**What to produce:**
Pictures in the entries below are excluded; copy only the lines from the one containing "Könyv Christ Centered" to the one containing "İnter Hakkındaki Arama", both included.

**Material supplied:**
== Segment start ==
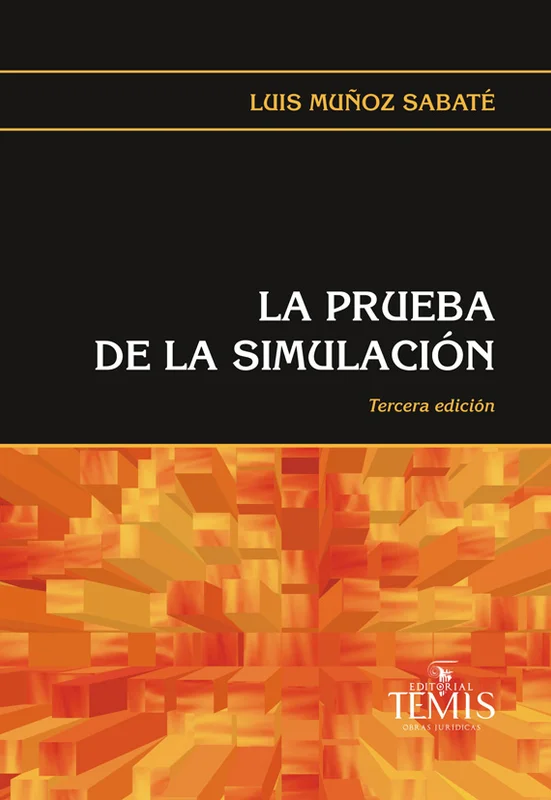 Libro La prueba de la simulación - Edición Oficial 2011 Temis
== Segment end ==
== Segment start ==
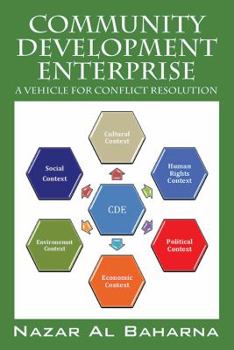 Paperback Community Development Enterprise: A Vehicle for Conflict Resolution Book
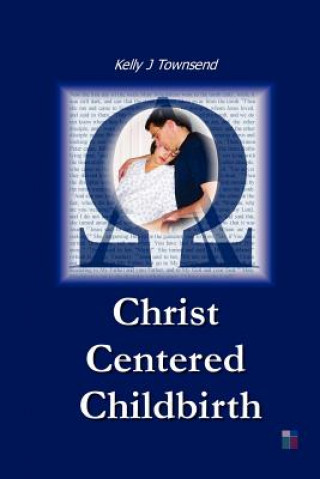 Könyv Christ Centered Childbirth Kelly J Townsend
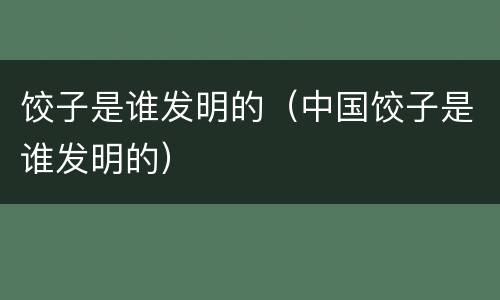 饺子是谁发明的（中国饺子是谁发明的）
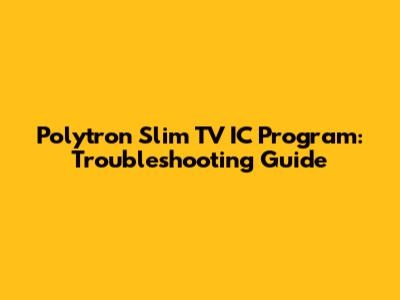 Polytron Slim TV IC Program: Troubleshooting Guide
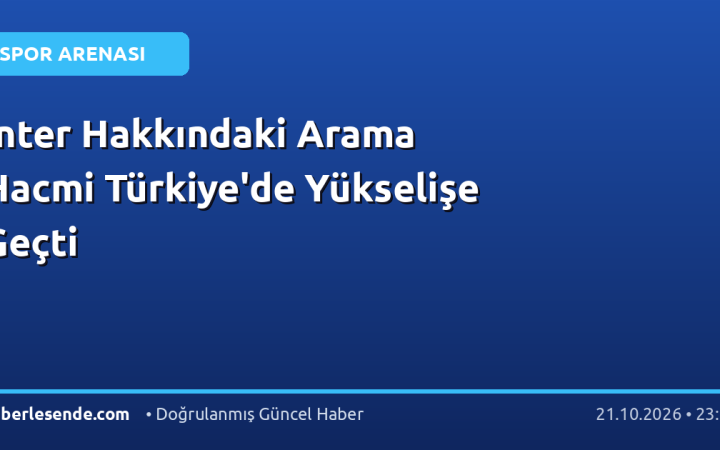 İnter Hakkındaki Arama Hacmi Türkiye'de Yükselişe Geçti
== Segment end ==
**Solution to this problem:**
 Könyv Christ Centered Childbirth Kelly J Townsend
 饺子是谁发明的（中国饺子是谁发明的）
 Polytron Slim TV IC Program: Troubleshooting Guide
 İnter Hakkındaki Arama Hacmi Türkiye'de Yükselişe Geçti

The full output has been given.